O policial que prendeu Jantima diz que encara seu trabalho como uma cruzada pessoal em respeito e compaixão ao animal.

— Quanto mais gente prendemos, mais cães resgatamos. Não suporto vê-los sendo mortos para virarem comida, confessa o tenente Lamai Sakonpitak, apaixonado por cachorros que mantém quatro em casa.

Seu parceiro também é amante dos peludos, mas sabe que as autoridades não podem acabar com o comércio da noite para o dia.

— Não dá para cortar a árvore toda; é preciso ir tirando um galho por vez, filosofa o tenente Chaleaw Chaihung.

A meia hora de carro de Baan Klang, no vilarejo de Tha Rae, camelôs vendem carne defumada de cachorro abertamente no acostamento da estrada. Lamai explica que o comércio de carne canina, concentrado na província de Sakon Nakhon, existe há décadas, mas assumiu proporções comerciais apenas nos últimos vinte anos.
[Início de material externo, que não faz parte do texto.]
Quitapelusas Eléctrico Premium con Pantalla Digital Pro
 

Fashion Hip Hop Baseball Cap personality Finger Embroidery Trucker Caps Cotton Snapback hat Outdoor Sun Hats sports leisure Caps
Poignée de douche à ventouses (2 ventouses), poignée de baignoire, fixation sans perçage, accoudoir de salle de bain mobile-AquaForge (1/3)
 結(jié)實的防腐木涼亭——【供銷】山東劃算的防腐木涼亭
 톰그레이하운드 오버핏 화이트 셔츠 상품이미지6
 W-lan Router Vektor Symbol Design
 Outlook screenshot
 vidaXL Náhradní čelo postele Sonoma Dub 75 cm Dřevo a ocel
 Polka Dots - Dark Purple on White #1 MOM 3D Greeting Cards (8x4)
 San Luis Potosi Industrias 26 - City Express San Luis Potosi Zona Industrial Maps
Os dois policiais já pararam caminhões que levavam mais de mil animais para o Laos e o Vietnã. Lá, além da carne, a pele – mais fina e delicada que o couro do boi – é tratada para ser usada em baterias e luvas. O trabalho da polícia conta com o apoio de grupos civis que querem ver o consumo da carne canina erradicado e cuja participação na coibição ao comércio tem sido essencial.
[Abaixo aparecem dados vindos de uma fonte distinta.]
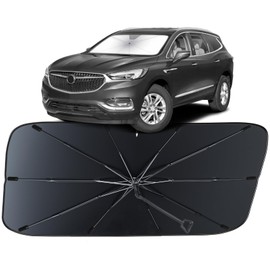 Windshield Sun Shade Umbrella Custom Fit for Buick Enclave 2013-2019, Car Sun Shade for Front Windshield, 360°Rotating Sunshade for UV Protection
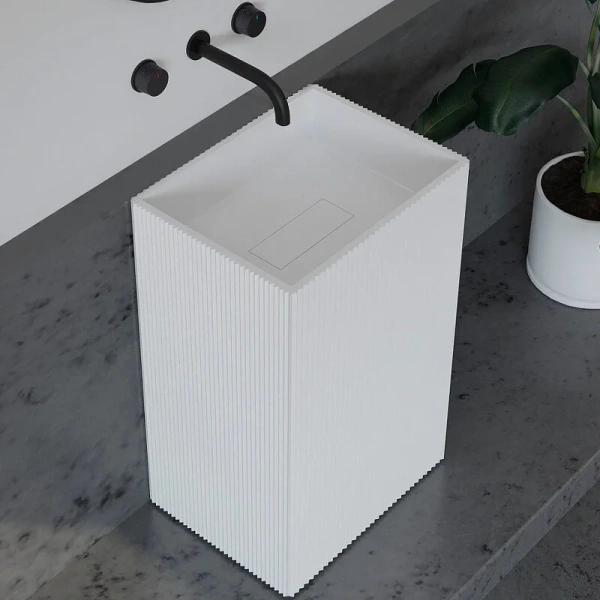 Раковина Abber Stein 50 см белая матовая - фото 1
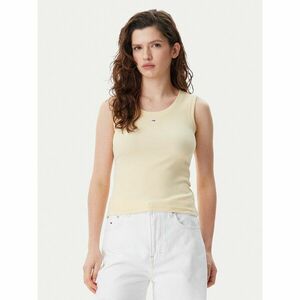 Tommy Jeans Felső Essential DW0DW20673 Sárga Slim Fit kép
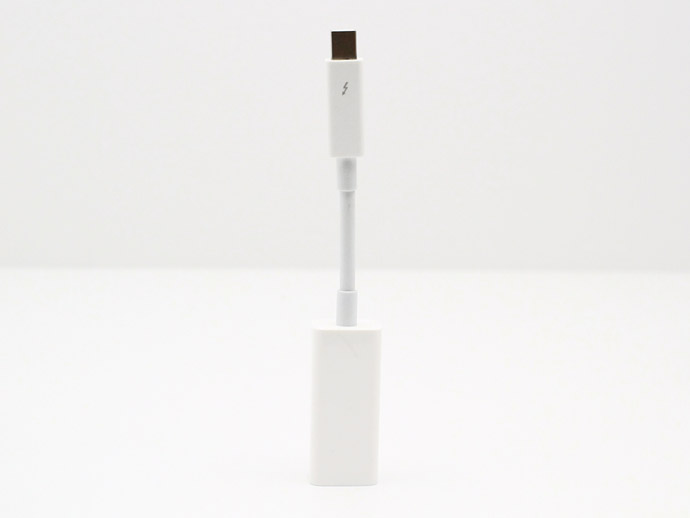 Apple LAN アダプタ アップル サンダーボルト Thunderbolt - ギガビットEthernetアダプタ A1433 変換ケーブル 白 ホワイト ...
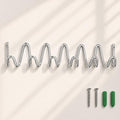 Coat Rack Wall Mount, Modern Wave Metal Wall Hooks by Unknown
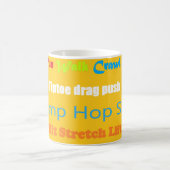 Leap Hop Überspringen Lean Text Design gemischte F Kaffeetasse (Mittel)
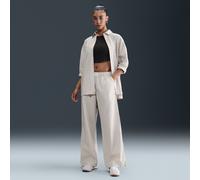 Nike Chill Poplin Pantalón holgado a rayas de talle medio - Mujer - Gris XS (EU 32-34)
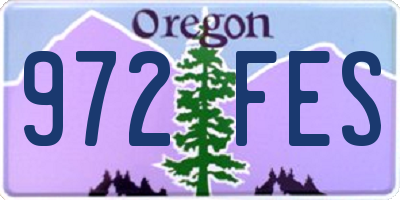 OR license plate 972FES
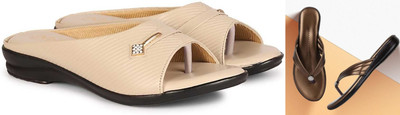 Nekii Traders Women Flats(Beige, Brown , 7)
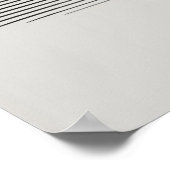 Stopwatch klok moderne minimalistische lijnkunst poster (Hoek)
Bhurita Wattanasak, agricultora que vive na periferia de Chiang Mai, dirige o que chama de “divisão de repressão” da Watchdog Thailand, que encoraja denúncias do público, anônimas ou não, repassadas para a polícia.
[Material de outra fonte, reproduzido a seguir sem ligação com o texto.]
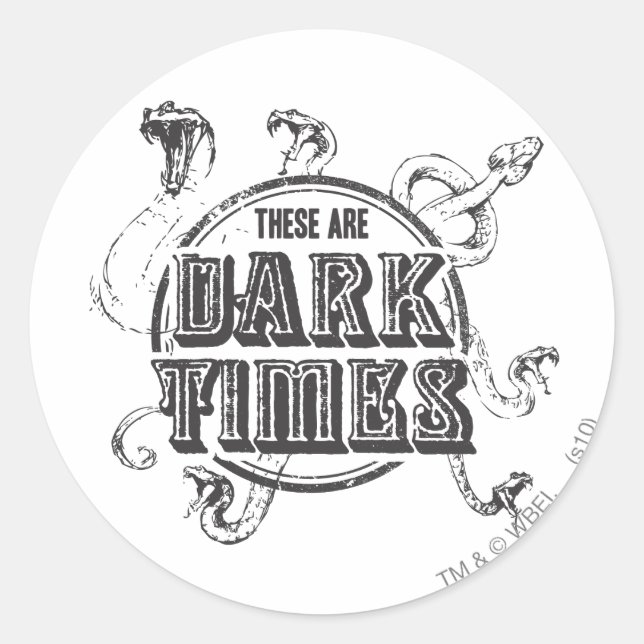 Sticker Rond Harry Potter Spell | Temps sombres (Devant)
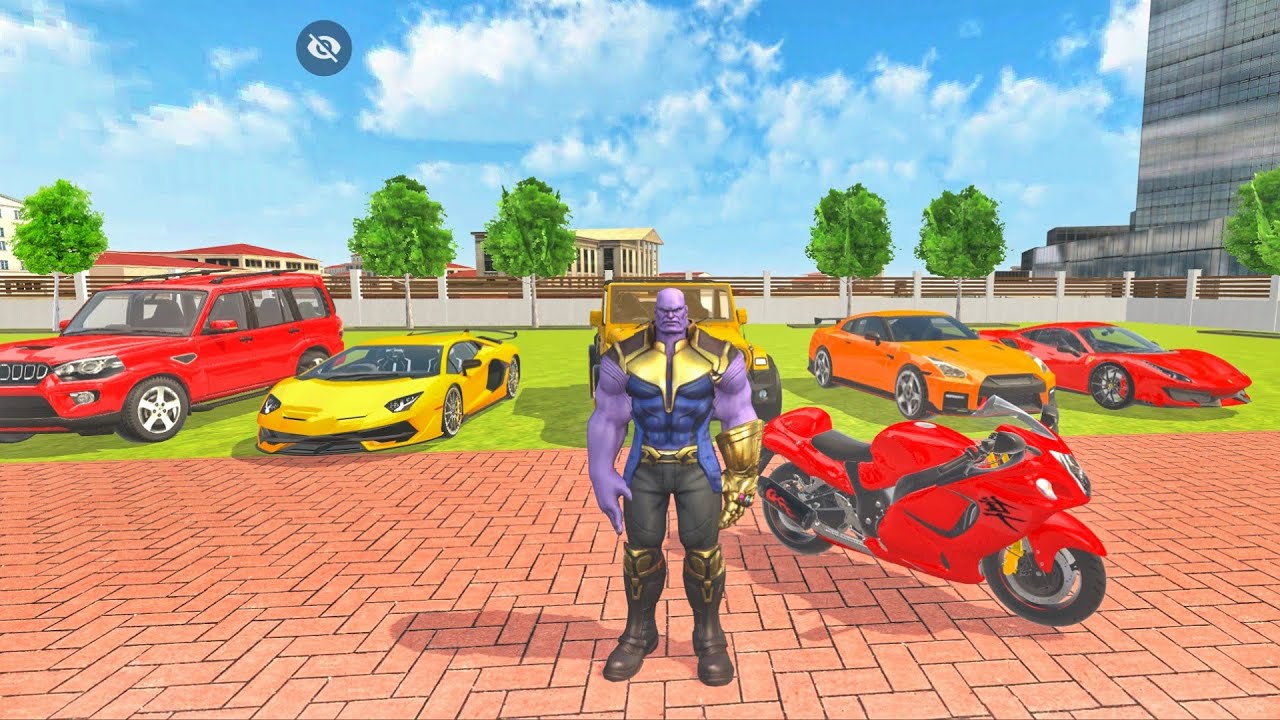 🎮Thanos Purchase New Thar Car 🚗& Police Car 💥🚑 Franklin And Shinchan 💥 Indian Theft Auto Simulator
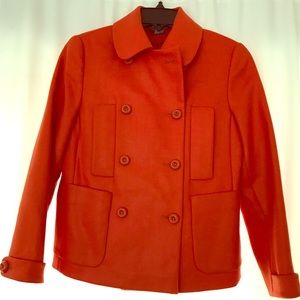 Per se size 2 orange jacket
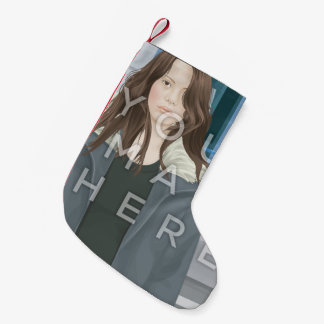Petite Chaussette De Noël Bas personnalisable de Noël de photo d'Instagram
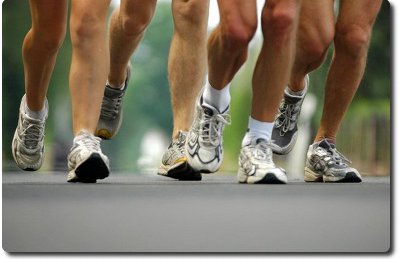 Running feet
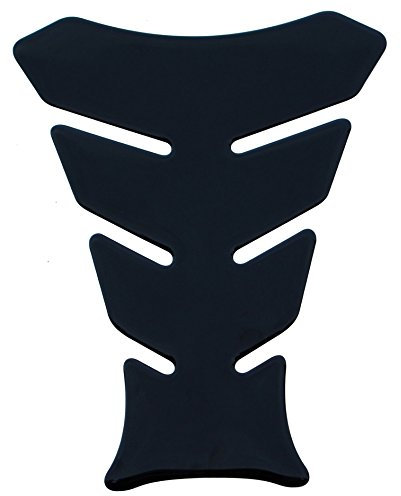 BIKE-label Tankpad 3D Motorrad Aufkleber Black schwarz 500946VA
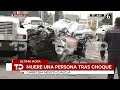 Choque en la México-Cuautla deja una persona muerta y otra lesionada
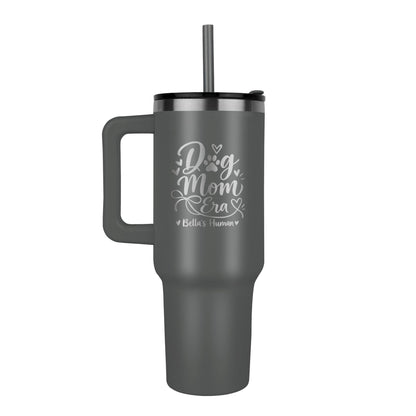 Dog Mom Era – Personalized 40oz Tumbler with Dog's Name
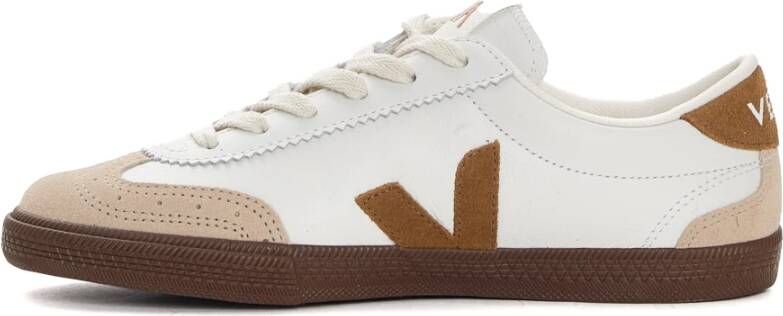 Veja Witte Hazelnoot Sneakers Verhoog Stijl White Dames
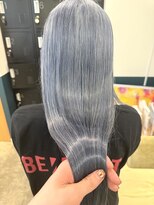 ヘアーブレイス(hair brace)&nbsp;ブリーチ2回アイスブルーstylist聖斗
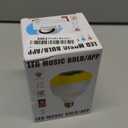 LED Light Bulb Bluetooth Speaker with Remote Control and APP, White+Color Changing - Works with E26 Base Fixture - Perfect Lamp for Home, Party, Bedroom, Indoor Floodlight Bulb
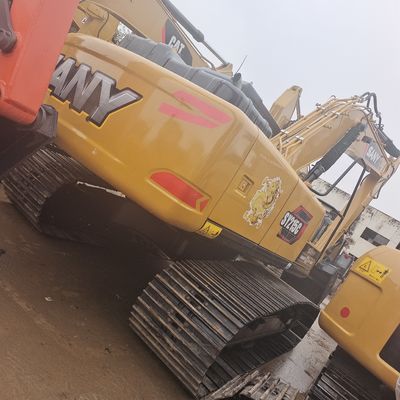 Excavadora de segunda mano Sany 215C con capacidad de 21 toneladas y motor Yammar duradero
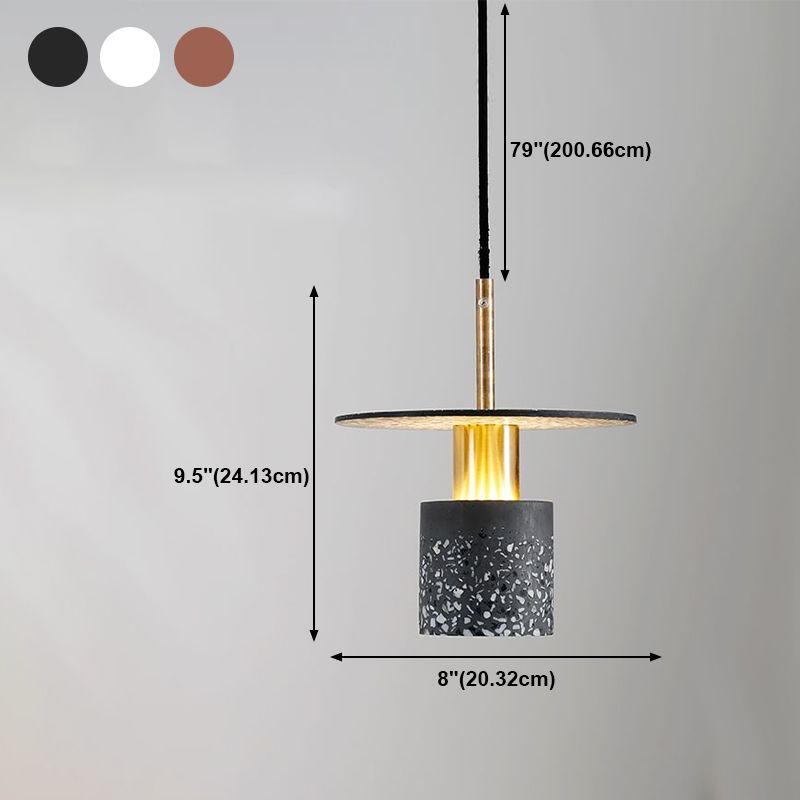Terrazzo Small Pendant Light Fixture Nordic 1 Light Suspension Lamp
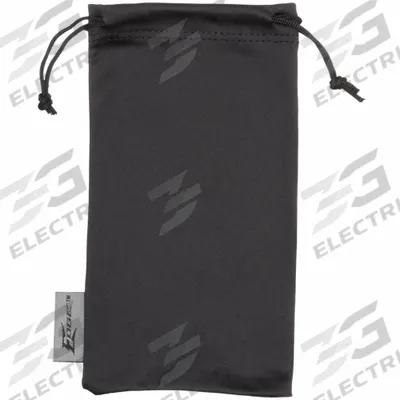 EDGE EYEWEAR Lens Cleaning Bag: Drawstring Closure Type, Belt Clip Not Included, Black - Bags for Safety Glasses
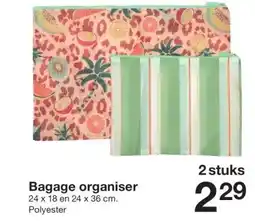 Zeeman Bagage organiser aanbieding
— “Levou uns dois ou três anos para as autoridades perceberem que o assunto era muito sério”, ela conta.

Bhurita diz que resolveu se envolver com o trabalho da organização depois de ter visto as imagens dos cães sendo transportados nos caminhões.

— Vi muita gente como eu chorando por se sentir impotente, sem ter meios de fazer nada, afirma.

Recentemente, membros da Watchdog Thailand se reuniram com militares integrantes da junta para pedir a aprovação de uma lei pelos direitos animais, baseada na legislação criada pelo governo anterior, que define como crime a morte de cães para consumo.

— Eles pediram para fazermos as mudanças, incluirmos o que fosse necessário e reenviarmos para análise, explica Bhurita.

Os estrangeiros têm uma participação importante na campanha de erradicação do comércio: celebridades britânicas como Ricky Gervais e Judi Dench aparecem em um vídeo, postado na Internet em outubro, condenando a prática. Em grande parte, a Watchdog e a organização a que pertence, a Soi Dog – “soi” significa “viela” em tailandês – funcionam graças a doações feitas nos EUA e Europa.

Um dos principais objetivos do grupo ativista, fundado por holandeses e ingleses que moram na Tailândia, é castrar as legiões de cachorros de rua do país. John Dalley, um dos fundadores, conta que um argumento que sempre ouve é o de que o consumo da carne canina deveria ser incentivado porque, além de ser tradição em certas culturas asiáticas, poderia diminuir o número da população de cães sem raça definida.

— Não tem nada a ver com diferenças culturais. É uma atividade horrenda e cruel do início ao fim. Os animais ficam confinados em gaiolas e não é raro que, ainda vivos, sejam jogados nos panelões de água fervente.

A polícia de Sakon Nakhon admite que geralmente os cães são tratados de forma cruel. Já os matadores dizem que eles são mortos da maneira mais humana possível, da mesma forma que outros animais cuja carne é consumida amplamente. Um deles permitiu que um fotógrafo visitante testemunhasse o abate de um dos cães, que recebeu um golpe na cabeça e, logo em seguida, foi desmembrado.

A morte pareceu ter ocorrido em questão de segundos. O homem, que se recusou a dar o nome por considerar o momento atual muito “perigoso”, afirma que só mata cães problemáticos ou indesejados. Essa também é uma desculpa comum entre os consumidores da carne canina – a de que muitos animais são abandonados nos templos budistas, engrossando o problema dos animais sem tutor na Tailândia.

— O cachorro é o melhor amigo do homem, claro, mas alguns deles merecem ser mortos, afirma o sogro de Praprut, Kawai Thanthongdee, de 66 anos, que come carne de cachorro desde que era pequeno.